This past Sunday, I traveled up to Richmond, CA for Rakkasah West 2010, a bellydance festival, with my friend Tami. Since this was her first festival, I used the opportunity to introduce her around to the varieties of bellydance in this region, and to make those introductions explicitly through the dancers from the Santa Cruz environs. (There were 10 soloists and troupes from Santa Cruz performing on Sunday. Yes, I know Ma’shuqa is from Los Gatos but I count her as one of ours since she performs here so often.) The entire range of bellydance styles can be found in Santa Cruz, from the big Vegas-like productions by Sese to the classical performances of Ma’shuqa to the avant garde choreographies of Crystal Silmi and the folklorics of Siwa. We have it all here, a veritable feast of bellydancing and it was fun to point this out to Tami.
It was also illuminating to introduce her to a very popular teacher/performer who has had a strong influence on Santa Cruz bellydance. The big name of the Sunday schedule was the Salimpour dynasty, with three generations present: Jamila, Suhaila, and Isabella (who is so like her mother, Suhaila, that even she calls Isabella her “mini me”). I have never been a big fan of Suhaila’s, nor even a small one to be honest. I think she is a lazy performer and her dance company is often sloppy. Sunday they performed a choreography more appropriate to the FlyGirls of In Living Color from the 1990s.
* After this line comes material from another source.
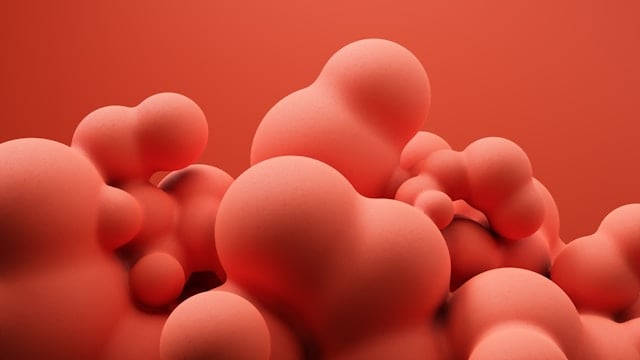 A collection of smooth, rounded red 3D shapes clustered together on a matching background.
It was an embarrassing bit of nonsense.
On the other hand, several Santa Cruz dancers who studied under Salimpour have developed remarkable technique, subtly, and strength. Two of them performed on Sunday: Crystal Silmi and her troupe Raks Arabi and Janelle Rodriguez and her troupe Desert Dream. It is easy to see the influence Salimpour continues to have on their choreographic styles, though Silmi and Rodriguez each have taken it in different directions.
Crystal fuses the in-your-face dramatics of Salimpour with street dance, and jazz while maintaining a strong base in bellydance techniques, especially tribal fusion. She has passed on her rigorous training to her students and troupe, Raks Arabi. Crystal’s hard-hitting choreography produce a sexy and brash band of women, similar to Salimpour’s women but with a deeply embodied conviction.
Using the same isolation techniques she learned (in part) from Salimpour, Janelle produces a more luxurious style. Her dancers undulate gracefully while popping chests and hips. Janelle’s exquisite cross-stage glides are skillfully punctuated with upper and lower torso articulations. Janelle’s Desert Dream is comprised of a junior and senior company and she uses them smartly, never exceeding their abilities.
Salimpour’s technique has been good for Santa Cruz but I honestly think she could learn a thing or two about choreography from her old students.
This year Rakkasah celebrated its 30th year and truth be told, it should be its last. The quality of this once celebrated festival has declined to such a degree that it has lost many of its big-name performers and replaced them mostly with third-rate dance troupes and soloists. Their outdated policy of allowing on the stage any dancer who has the time to sit at the phone for hours trying to dial in, has been disastrous. “We do not choose the dancers,” says the website, “the phone company will determine who is next in line.” The phone company determines who performs? Really?
I am torn between a democratic desire to place all levels of dancer on one stage and my respect for the art of dance. Rakkasah stages are now filled with fifth-grade recital level performers with occasional breaks for the few outstanding artists who bother with this event. It is no longer a prestige festival drawing the best leading and up-and-coming dancers. Where they are going now, I don’t know but while this festival is in its decline, I hope new festivals arise with a clearer sense of purpose: to celebrate bellydance and dancers by showcasing the best we have to offer.